38-) Ve ma hâlâknes Semavati vel Arda ve ma beynehüma la’ıbiyn;
Semâları, arzı ve ikisi arasında olanları oyun olsun diye halketmedik...
39-) Ma hâlâknahüma illâ Bil Hakkı ve lâkinne ekserehüm lâ ya’lemun;
Biz onları yalnızca Hak (Esmâ özelliklerimizin açığa çıkışı) olarak yarattık! Ne var ki onların çoğunluğu (bu hakikati) bilmezler.
40-) İnne yevmel fasli miykatühüm ecme’ın;
Belirlenmiş ayırt etme sürecinde onların hepsi bir araya gelecektir.
41-) Yevme lâ yuğniy mevlen an mevlen şey’en ve lâ hüm yünsarun;
Dostun dostundan bir şey uzaklaştıramadığı süreçtir o! Onlara yardım da olunmaz...
42-) İlla men rahımAllâh* inneHU HUvel ‘Aziyzur Rahıym;
Allâh’ın rahmet ettikleri müstesna... Muhakkak ki O, “HÛ”; Aziyz’dir, Rahıym’dir.
43-) İnne şeceretez zakkum;
Gerçek ki zakkum ağacı,
44-) Ta’amül esiym;
Esîm’in (Hakikatini inkâr edenin) yiyeceğidir!

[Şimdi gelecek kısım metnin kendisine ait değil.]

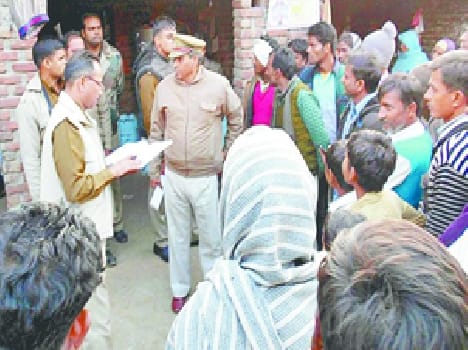 Married in Mirapur of the suicide by hanging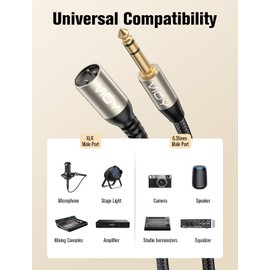 VIOY XLR to 6.35mm Cable 6.6 FT, 1/4 Inch TRS to XLR Male Balanced Microphone Cable for Mixers, Amplifiers, Speakers, Dynamic Microphones, CD Players, Electronic Piano, Karaoke Machines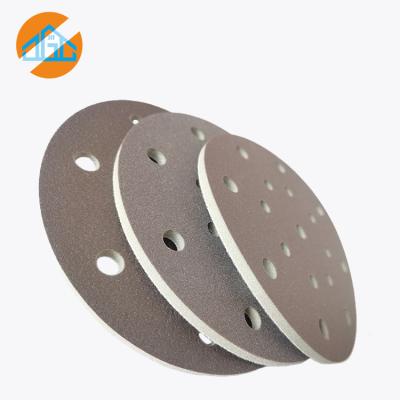 China For 3C polishing or car grinding inch etc. 6 (150mm) 3000 Grit High Performance Hook and Loop Sanding Discs Heavy Duty Around Assemble Sandpaper Sponge for sale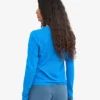 T-shirt à manches longues bio pour femme - Bleu Pacifique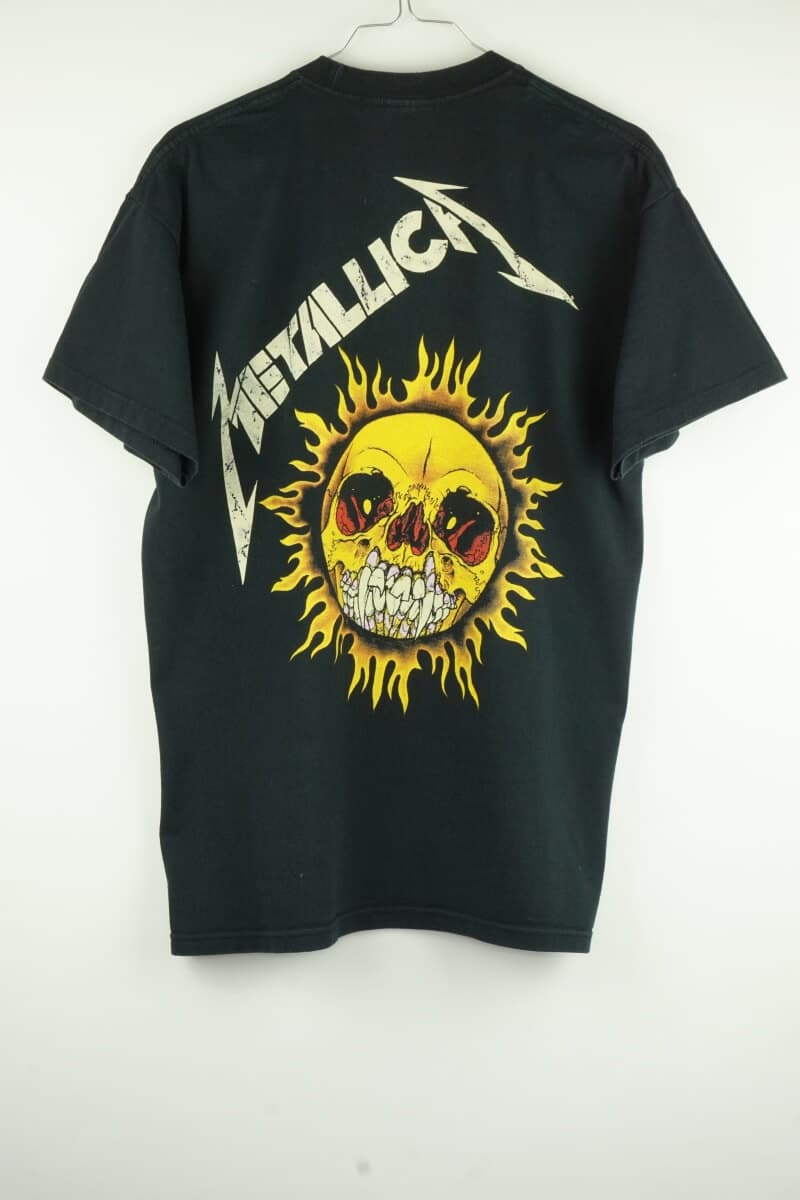 1994 Metallica Pushead Skull on Fire Summer Sh*t Vintage T ...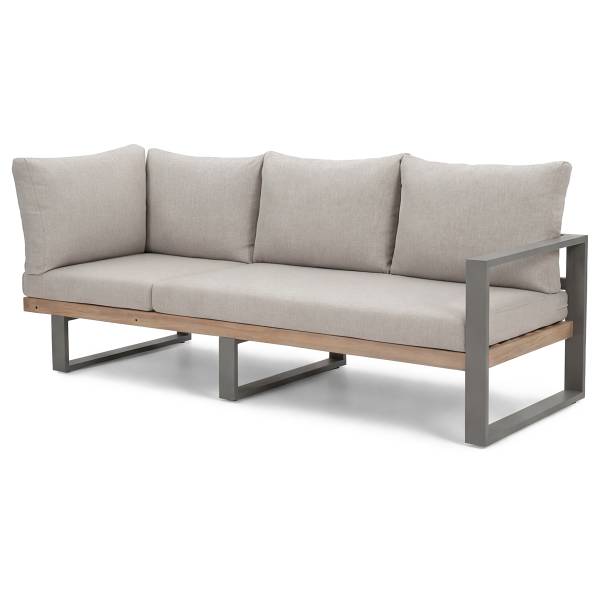 Loungeset Riva 3-teilig Akazie massiv / Polypropylen - Akazie Hell / Beige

45-) Kel mühl* yağliy fiyl butun;
Erimiş maden gibidir; karınlarda kaynar.
46-) Keğalyil hamiym;
Kaynar suyun kaynaması gibi.
47-) Huzûhü fa’tiluhu ila sevail cahım;
“Tutun onu da yakan ateşin ortasına sürüyerek götürün...”
48-) Sümme subbu fevka re’sihi min azâbil hamiym;
“Sonra da, o kaynar suyun azabını onun başından aşağı dökün!”

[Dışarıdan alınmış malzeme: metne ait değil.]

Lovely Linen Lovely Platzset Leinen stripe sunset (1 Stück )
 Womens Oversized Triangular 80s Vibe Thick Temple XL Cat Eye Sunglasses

49-) Zuk* inneke entel ‘Aziyzül Keriym;
“Tat! Sen (güya) Aziyz’din, Keriym’din!”
50-) İnne hazâ ma küntüm Bihi temterun;
“İşte bu, şüpheyle karşıladığınız (iman etmediğiniz) şeydir!”

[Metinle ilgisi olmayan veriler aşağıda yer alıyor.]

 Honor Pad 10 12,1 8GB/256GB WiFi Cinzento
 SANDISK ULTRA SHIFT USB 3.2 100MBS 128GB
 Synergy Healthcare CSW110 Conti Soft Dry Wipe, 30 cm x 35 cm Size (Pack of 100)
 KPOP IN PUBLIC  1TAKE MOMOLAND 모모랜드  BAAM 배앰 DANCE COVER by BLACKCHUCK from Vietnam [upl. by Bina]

51-) İnnel müttekıyne fiy mekamin emiyn;
Muhakkak ki korunmuş olanlar, güvenliktedirler.
52-) Fiy cennatin ve ‘uyun;
Cennetlerde ve gözelerdedirler!
53-) Yelbesûne min sündüsin ve istebrakın mütekabiliyn;
Karşılıklı olarak ince ipekten ve parlak atlastan giyerler.
54-) Kezâlik* ve zevvecnahüm Bi hurin ıyn;
İşte böyle... Onları (Esmâ kuvvesi olarak açığa çıkan şuur varlık insanı) Hur-i Iyn olanlar (üstün ve net görüş {FUAD} özelliklerine sahip bedenler) ile eşleştirdik!
55-) Yed’une fiyha Bi külli fakihetin aminiyn;
Onda, güvenli ortamdakiler olarak her çeşit meyveyi (marifetlerini açığa çıkarmayı) isterler.
56-) Lâ yezûkune fiyhelmevte illel mevtetel ula* ve vekahüm azâbel cahım;
Onda, ilk ölümden başka ölüm tatmazlar (ölümsüzdürler)! Onları yanma azabından korumuştur.
57-) Fadlen min Rabbik* zâlike hüvel fevzül ‘azıym;
Rabbinden bir lütuf olarak! İşte bu, azîm kurtuluşun ta kendisidir!
58-) Feinnema yessernahü Bi lisanike leallehüm yetezekkerun;
Biz Onu lisanın olarak kolaylaştırdık, umulur ki üzerinde düşünürler diye.
59-) Fertekıb innehüm murtekıbun;
Seyret bekle! Muhakkak ki onlar da beklemektedirler.